▸ MATERIAL SUPPLIED
<<<<

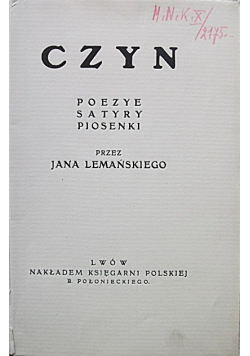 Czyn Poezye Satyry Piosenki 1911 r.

>>>>
<<<<

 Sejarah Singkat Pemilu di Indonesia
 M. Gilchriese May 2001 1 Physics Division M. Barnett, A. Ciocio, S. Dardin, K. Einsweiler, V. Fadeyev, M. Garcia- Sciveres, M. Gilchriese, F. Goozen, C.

>>>>
<<<<

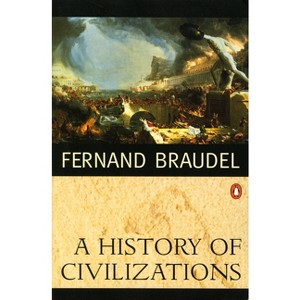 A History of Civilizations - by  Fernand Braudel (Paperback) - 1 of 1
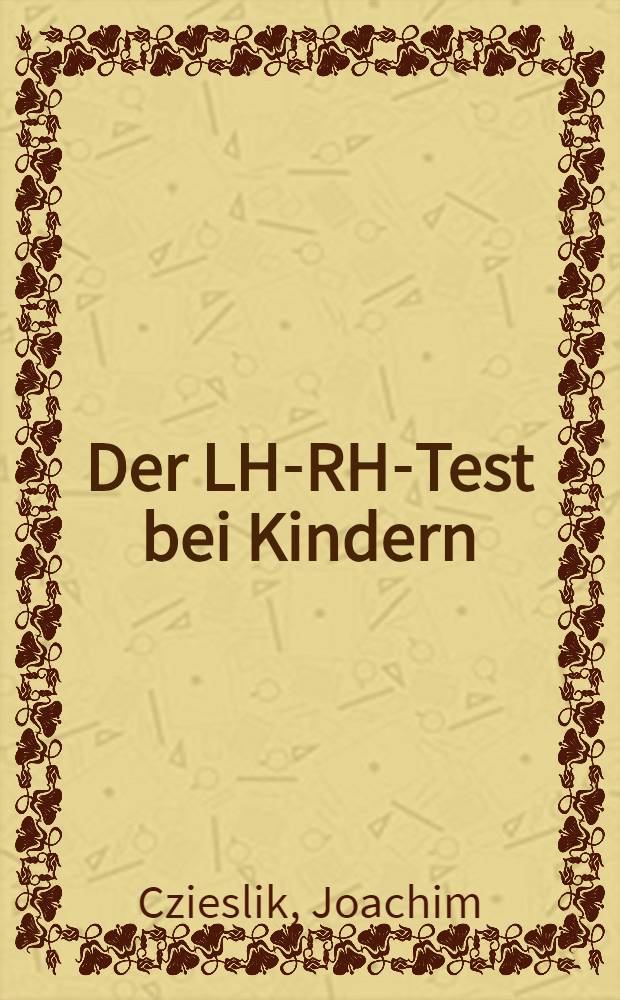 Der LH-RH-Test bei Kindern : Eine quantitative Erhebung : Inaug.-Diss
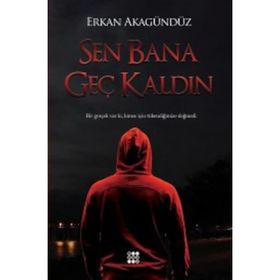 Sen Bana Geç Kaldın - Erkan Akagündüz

>>>>

▸ YOUR ASSIGNMENT
Can you repeat, word for word, every line above from the one containing "Sejarah Singkat Pemilu di Indonesia" down to the one containing "M. Gilchriese May", including both?

▸ ANSWER BOX
 Sejarah Singkat Pemilu di Indonesia
 M. Gilchriese May 2001 1 Physics Division M. Barnett, A. Ciocio, S. Dardin, K. Einsweiler, V. Fadeyev, M. Garcia- Sciveres, M. Gilchriese, F. Goozen, C.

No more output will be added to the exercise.